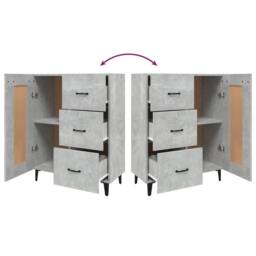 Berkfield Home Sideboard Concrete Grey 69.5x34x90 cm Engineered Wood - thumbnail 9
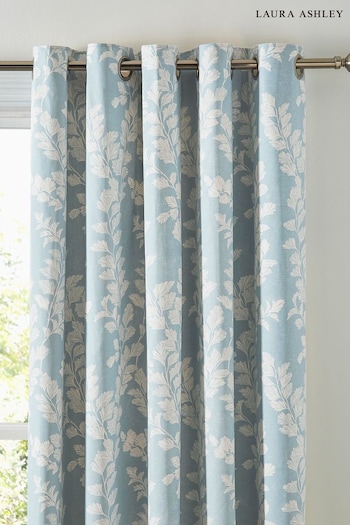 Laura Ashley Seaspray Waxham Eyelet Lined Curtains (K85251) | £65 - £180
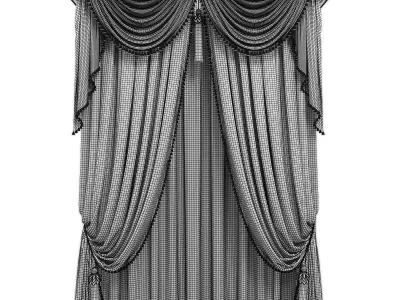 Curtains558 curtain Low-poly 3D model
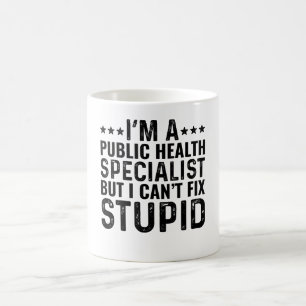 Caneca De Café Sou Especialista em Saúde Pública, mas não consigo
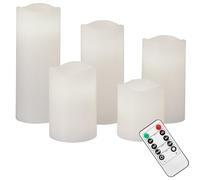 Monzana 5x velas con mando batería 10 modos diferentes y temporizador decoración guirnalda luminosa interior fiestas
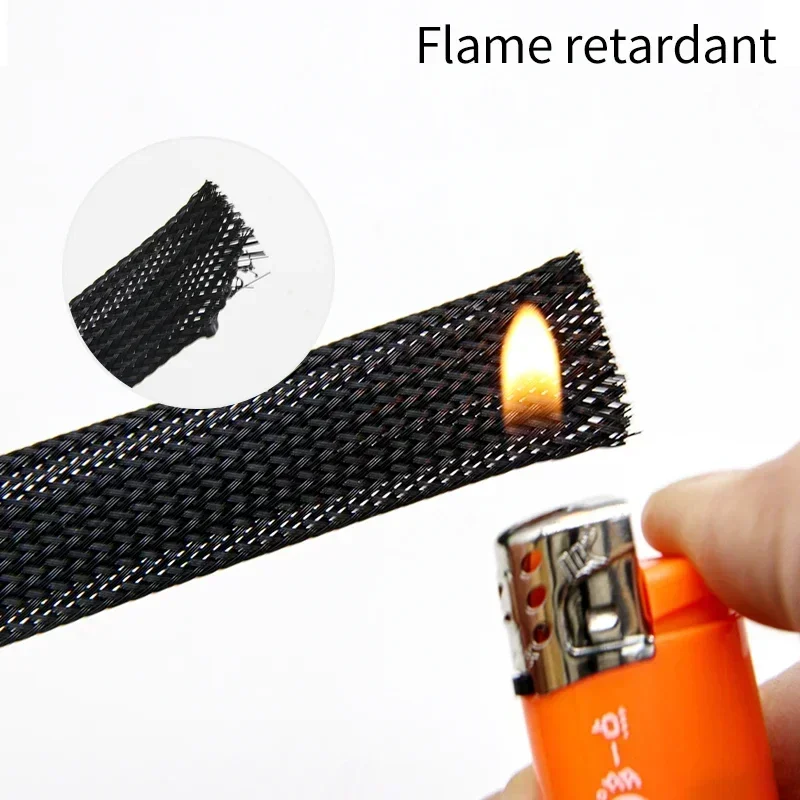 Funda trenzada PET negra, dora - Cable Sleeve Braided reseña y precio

════

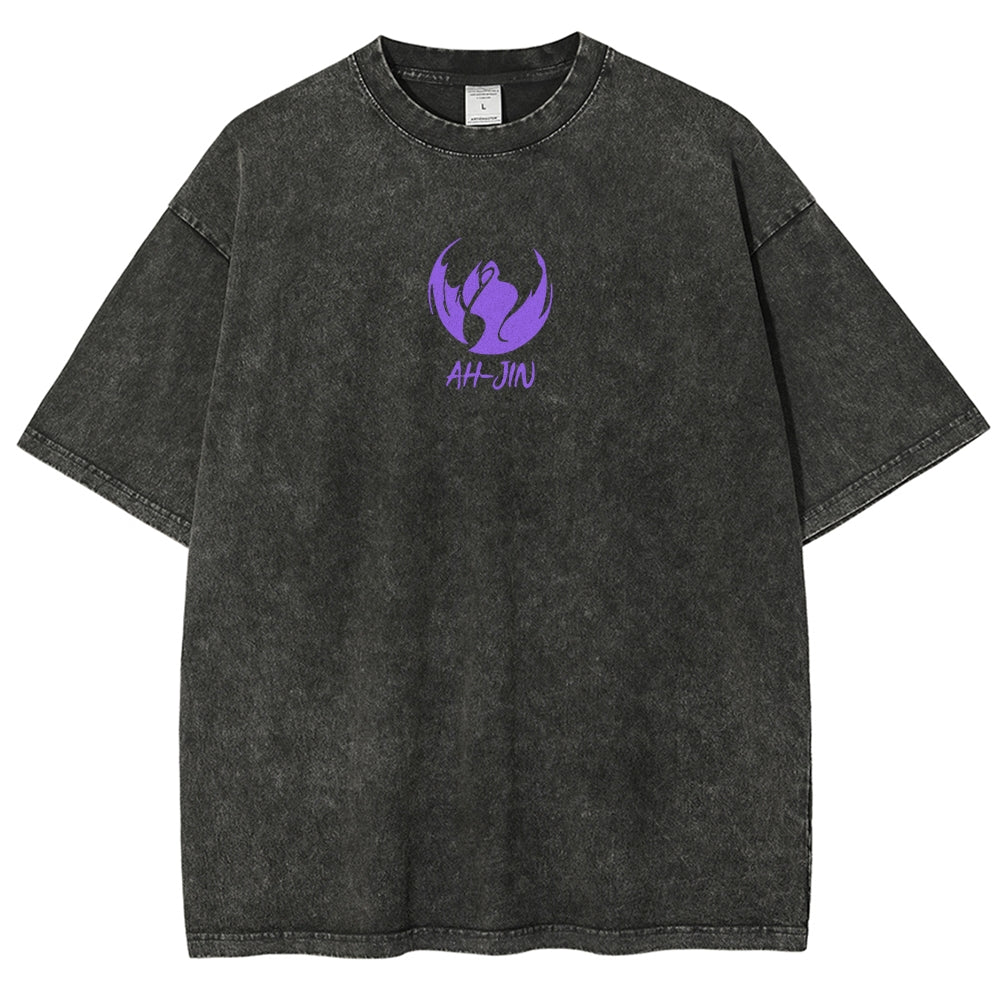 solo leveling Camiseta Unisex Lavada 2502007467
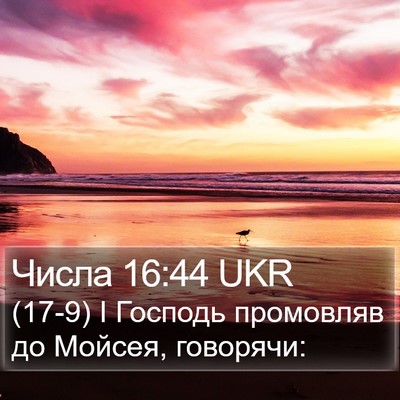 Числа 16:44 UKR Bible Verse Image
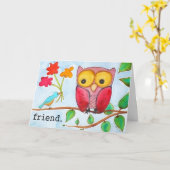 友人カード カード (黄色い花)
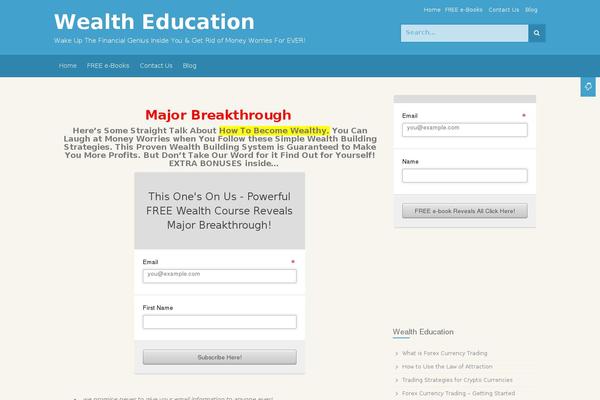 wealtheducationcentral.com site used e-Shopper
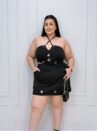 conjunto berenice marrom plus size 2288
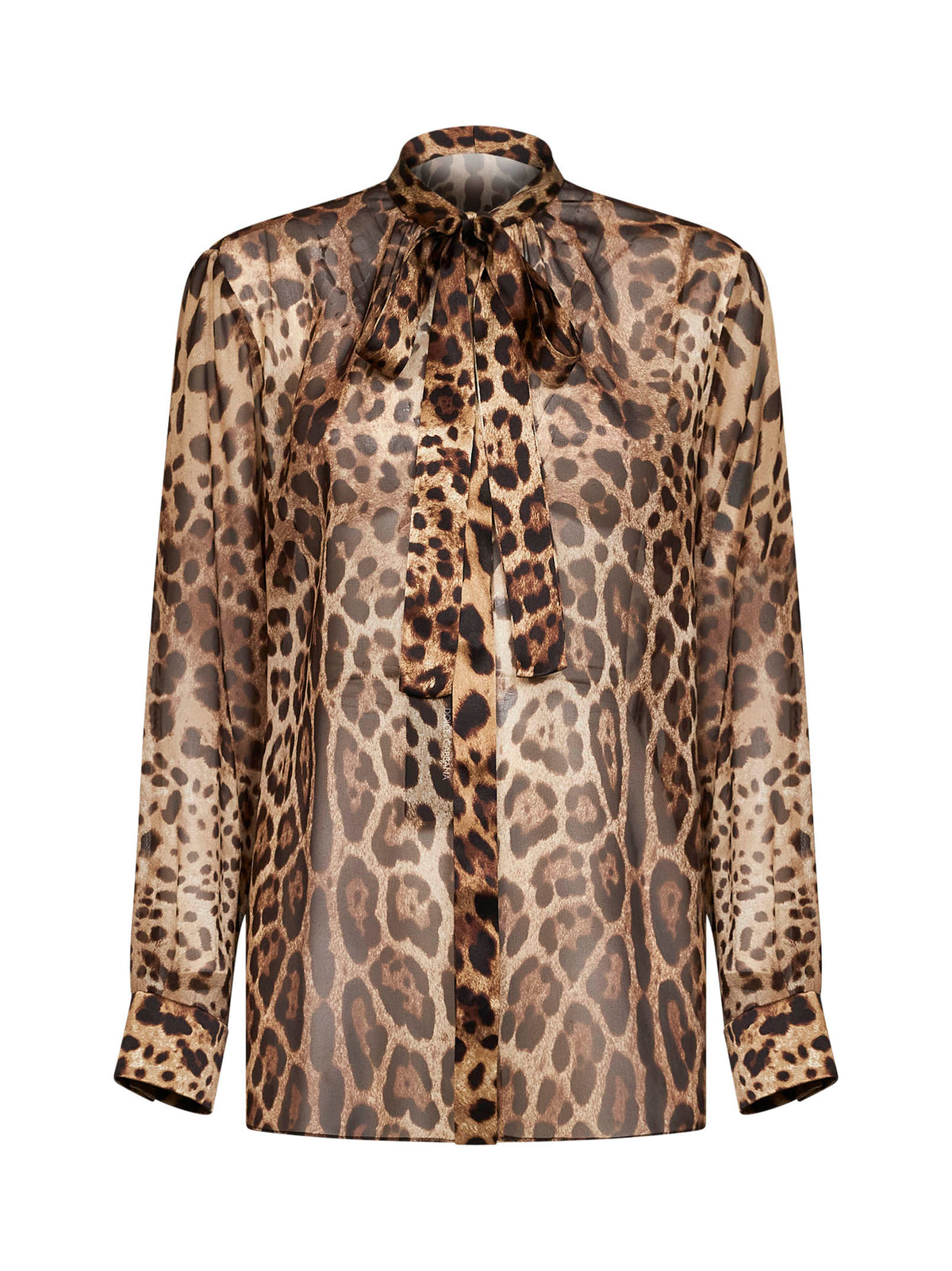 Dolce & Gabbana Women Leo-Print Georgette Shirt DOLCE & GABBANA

════

• [Aim of the task]
Repeat, word for word, the lines of the material above from the one holding "Berkfield Home Sideboard" through the one holding "Funda trenzada PET". Leave out pictures.

• [Result of this task]
 Berkfield Home Sideboard Concrete Grey 69.5x34x90 cm Engineered Wood - thumbnail 9
 Laura Ashley Seaspray Waxham Eyelet Lined Curtains (K85251) | £65 - £180
 Curtains558 curtain Low-poly 3D model
 Caneca De Café Sou Especialista em Saúde Pública, mas não consigo
 Monzana 5x velas con mando batería 10 modos diferentes y temporizador decoración guirnalda luminosa interior fiestas
 Funda trenzada PET negra, dora - Cable Sleeve Braided reseña y precio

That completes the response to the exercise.